WHAT MORE CAN YOU DO TO YOUR ENGINE TO MAKE IT RUN BETTER???
I felt like the FASS upgrade was so beneficial that I decided to add "Power Chip" to my 2003-Cummins-ISC-350HP-CAPS engine and I am very glad I did.
I really like the extra 60HP and torque! That's about 18% over stock and you will like how your coach rides over hill-and-dale at 65MPH without downshifting!
I also like the 10-15% increase in highway fuel mileage too. However, I think when you are on mountain roads you will find you get less MPG, because you will stepping on the fuel peddle to much.
Previously I was getting between 7.0 to 7.4 MPG on the highway... doing 55-60MPH and towing a small Saturn Aura toad. (No wind and good surfaces.)
...But after I added the Power Systems "Agricultural Diesel Solutions - Truck Edition" Power Module #12100 I now get 8.1 to 8.5 MPG and I can easily do 65MPH - 70MPH when towing.
Note: There seems to be no penalty for "chipping" your engine by using this Ag-Diesel-Power-Chip; however, we cannot speak for other brands. We can tell you that if you start driving at 70MPH you will burn more engine oil... but you will still get better MPG!
The parent company is called Power System Innovation and they have been putting their chips in farm tractors for years. They have also built a solid reputation in their Indiana farm community; and they are just now introducing their products to the RV market.
The #12100 Power Module now has a lower price too. Only $710 on Amazon.
And the best part is that the installation is very, very easy. So easy, almost anyone can do it in 1-2 hours or less.
We now feel our Cummins-ISC-350HP is easily capable of putting out 410HP, and you will FEEL THE DIFFERENCE IMMEDIATELY!
Before you order, we recommend you call Power Systems Innovations at 812-618-9166 to verify the part number for your type of engine.
Last but not least: The #12100 Power Module does not have a selector switch (at this time) for you to pick your desired HP/torque increase. However, we when we installed our 12100 in our RV, we did so at the Power Systems Innovations shop in Newburgh, Indiana; and we put our RV on their Dyno; and what we found is that a total of 410HP is all you need for a 32,000 lb. coach (pulling a toad). Further, we do not recommend more HP than this, because it's unnecessary, but I suppose you can ask the techs to push-it to 425HP if you want.
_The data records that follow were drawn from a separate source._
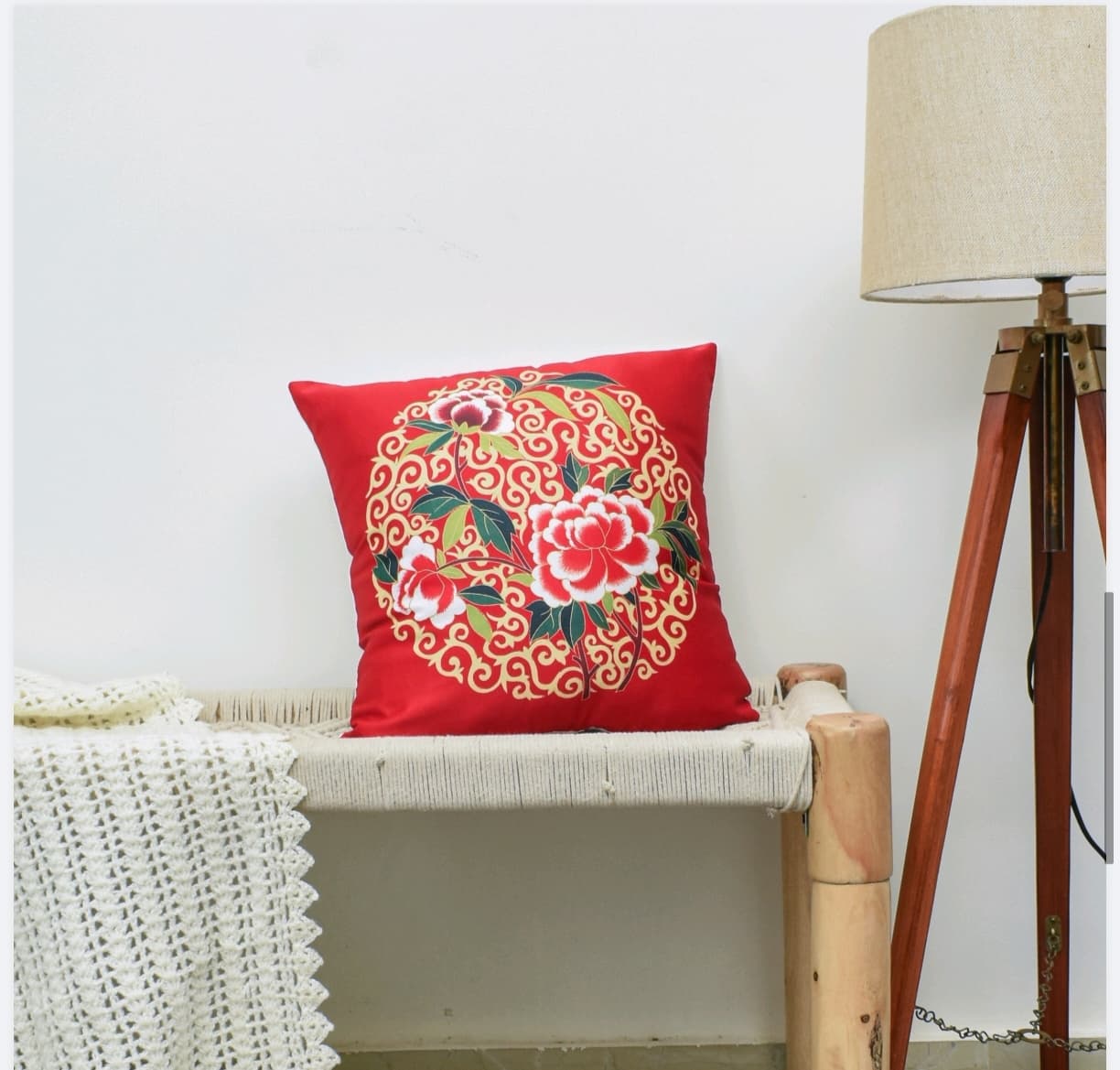 Satin Cushion Covers Set of 5 | Chinese Floral Medallion Print Decorative Pillow Covers for Sofa & Living Room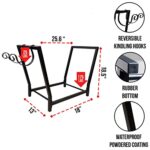 FireProof Pros Firewood Rack Outdoor and Indoor Firewood Storage with Kindling Hooks. 25.6in Double Coated Fire Wood Rack. Waterproof Rustproof Stable Log Holder and Fireplace Decor Organizer - Image 2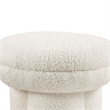 Ian Ottoman Stool- Mushroom-like Design- Pedestal Base- Beige Fabric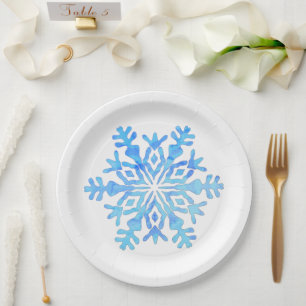 elegant christmas snowflake paper plates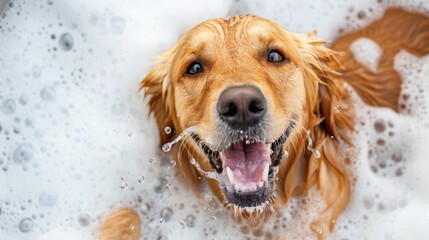 Happy golden retriever in a bubble bath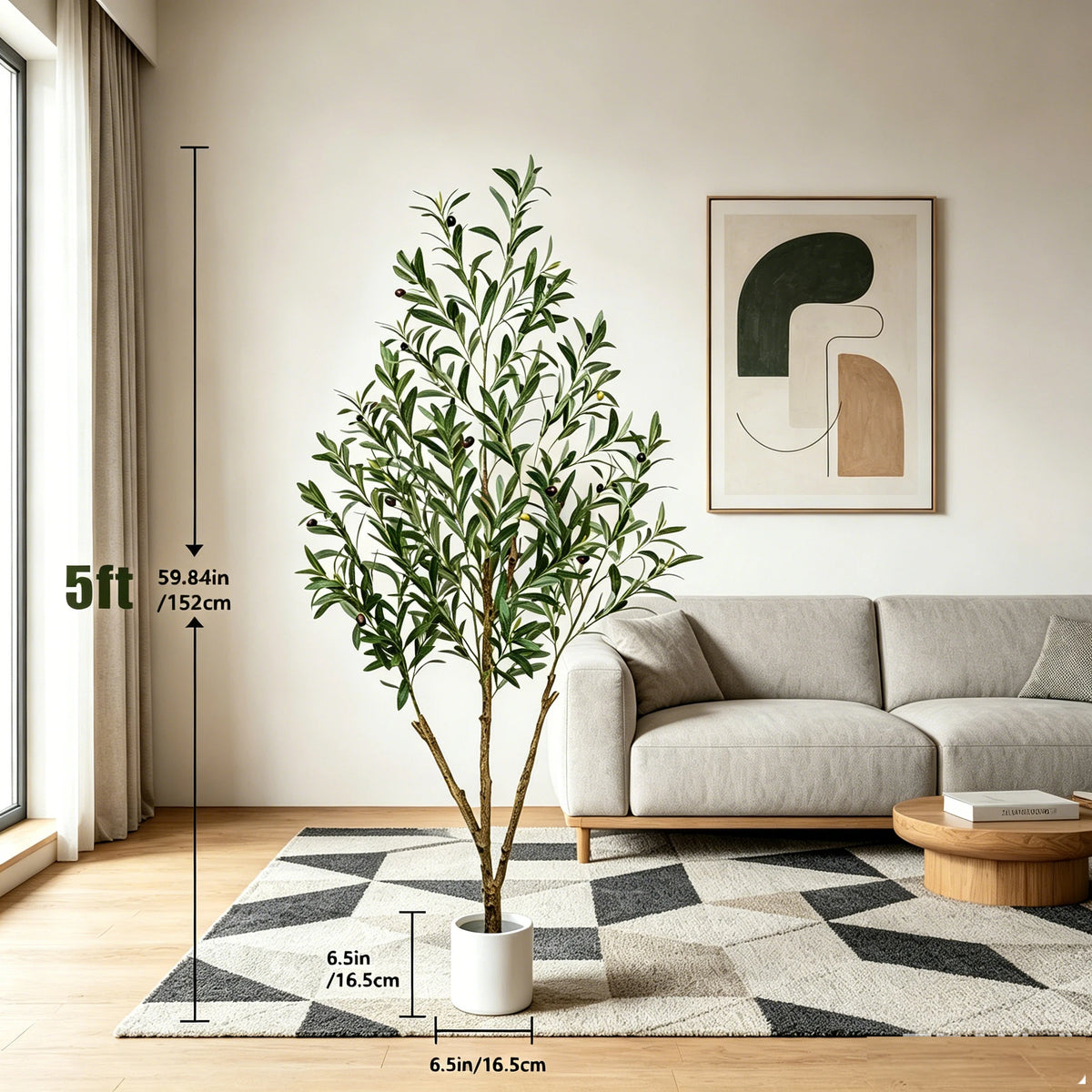 5/6/7ft Olive Trees Artificial Indoor Outdoor Faux Olive Tree with White Tall Planter, Artificial Plants with Natural Wood Trunk and Lifelike Fruits for Home Office Decor — image 16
Yes... I have a 2004 Itasca "Horizon" (40' DP -32,000 lbs) with a 2003 Cummins-ISC-350HP-CM554 engine... Freightliner Evolution Custom Chassis.
The key to the way you will plan your FASS electric TS pump (with 2 filters) will mostly be based on your chassis manufacture:
A) If you have access to your fuel lines on top of your fuel tank. (Monaco have an inspection plate to give them access to the top of their fuel tanks. In this case you just add a "T-Fitting" to the tank so that both your CAPS return fuel line and your FASS return fuel line can share the port. Then you just cap-off the OEM fuel deliver line that goes to the stock lift pump, because you will by-pass the pump... and plug the FASS delivery fuel line to either your 3rd filter or you can go direct to your injection pump.)
Then all you have to do is add a relay to trick the ECM into thinking their is a load on the other end to switch on and off so you don't get a "check engine" light. (See .pdf in previous posts.)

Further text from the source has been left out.